Be prepared for some damage.
8. Expectation management
One of the worst things you can do to any puppy is to allow him to do something one day, such as jump on the furniture, come into a certain room with you, or have food off your plate, that you won’t allow him to do the next. It simply causes confusion and frustration, as well as a sense in your growing dog that your initial ‘no’ can be turned into a ‘yes’ if he makes enough of a protest. So, whatever rules you decide on early on about what your dog can
or cannot do, stick to them relentlessly and consistently.
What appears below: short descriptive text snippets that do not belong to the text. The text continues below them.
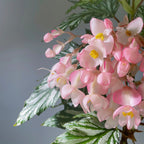 Begonia Aconitifolia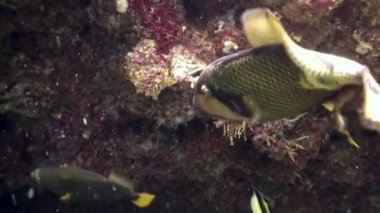 Triggerfish tek boynuzlu at balık sualtı mercan Maldivler deniz dibinin yiyor.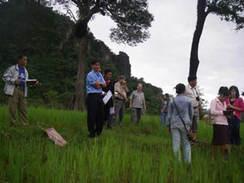 様々な団体から様々な国籍の人々が参加した視察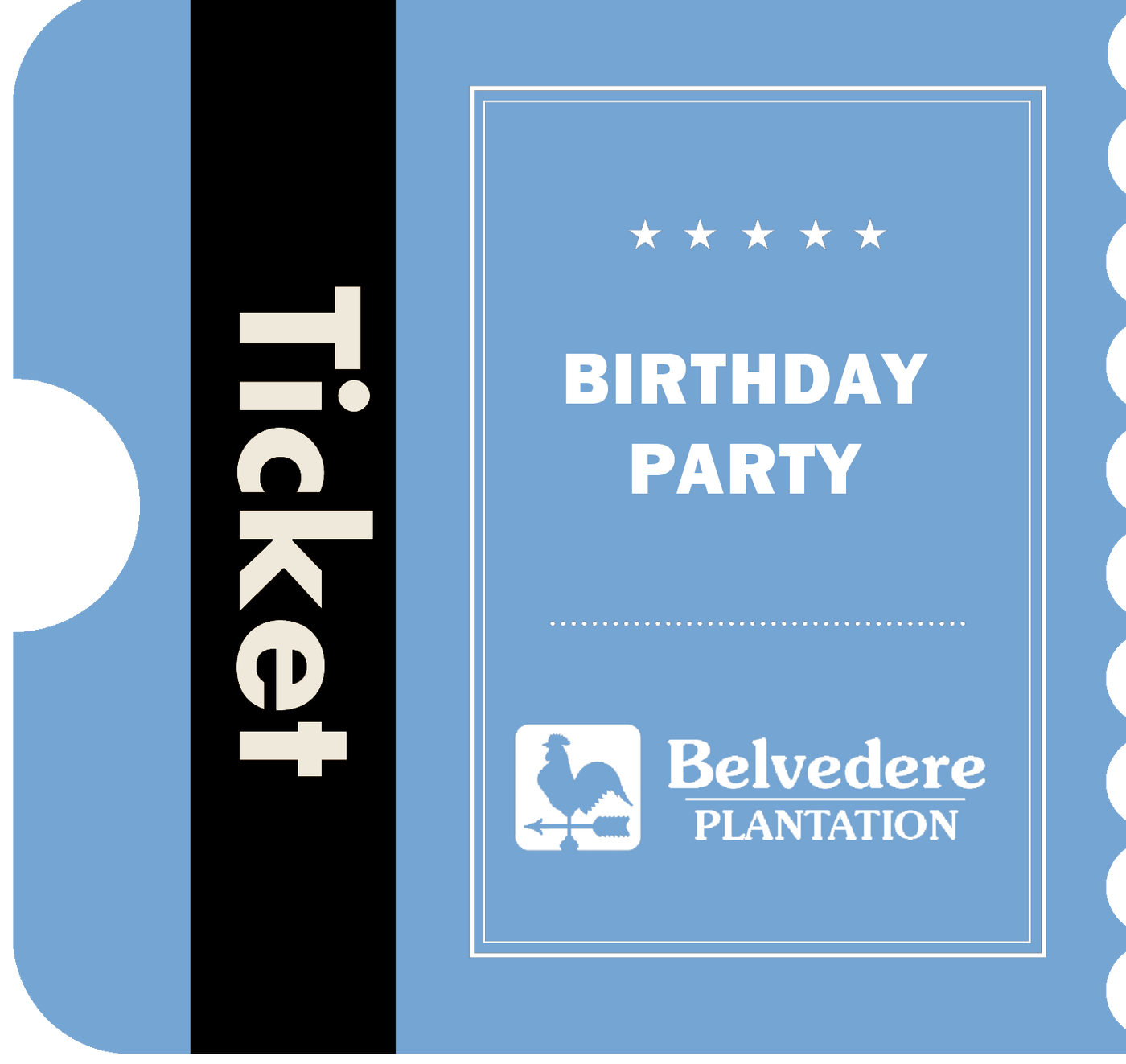 Deluxe Birthday Party Package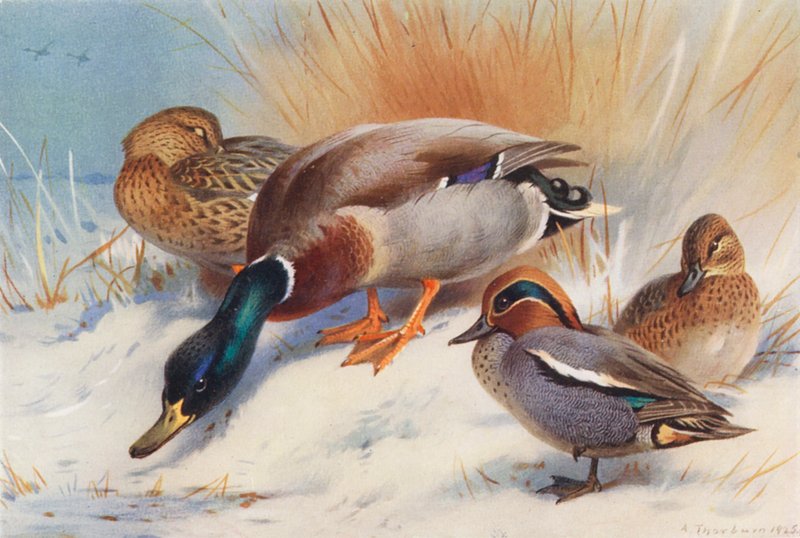  av Archibald Thorburn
9. GROUP Training may not be for you
Many owners enrol their new puppies in group training classes out of a sense that this is what they should do, rather than on the basis of whether they are the best learning environment for their particular dog. For while some group training classes work really well for some young dogs, others may find them far more challenging or stressful. As
a result they may bark, whine, play up, or generally find it harder to concentrate. Unfortunately, this can then give dog and owner alike a negative view of the whole training process, or make owners feel their dog is a ‘failure’ on this front. Really all they need is a more one-to-one learning approach instead, getting a good trainer to work with them and their dog in a far less distracting environment to begin with. Then, later, they can build up more surrounding distractions for their dog to cope with, which he will do far better.
Puppies are gorgeous — but they’re hard work too.
10. Stop chasing perfection
Despite what you might read online, or in any book, nobody has a perfect puppy, it is a totally mythical creature. All we ever have is the puppy we have got, warts and all. Your puppy may not get everything right all the time, and nor will you. Yet somehow as soon as you accept this, life already becomes that much easier, because so much pressure is taken off your relationship. The world is full of dogs who drove their owners mad as puppies, yet somehow grew — with the right amount of care, love, and training — into adult companions they now cannot imagine living without. So, if right now you are living through an early bout of puppy panic, just hold that thought in your mind.
Puppies are gorgeous — but they’re hard work too.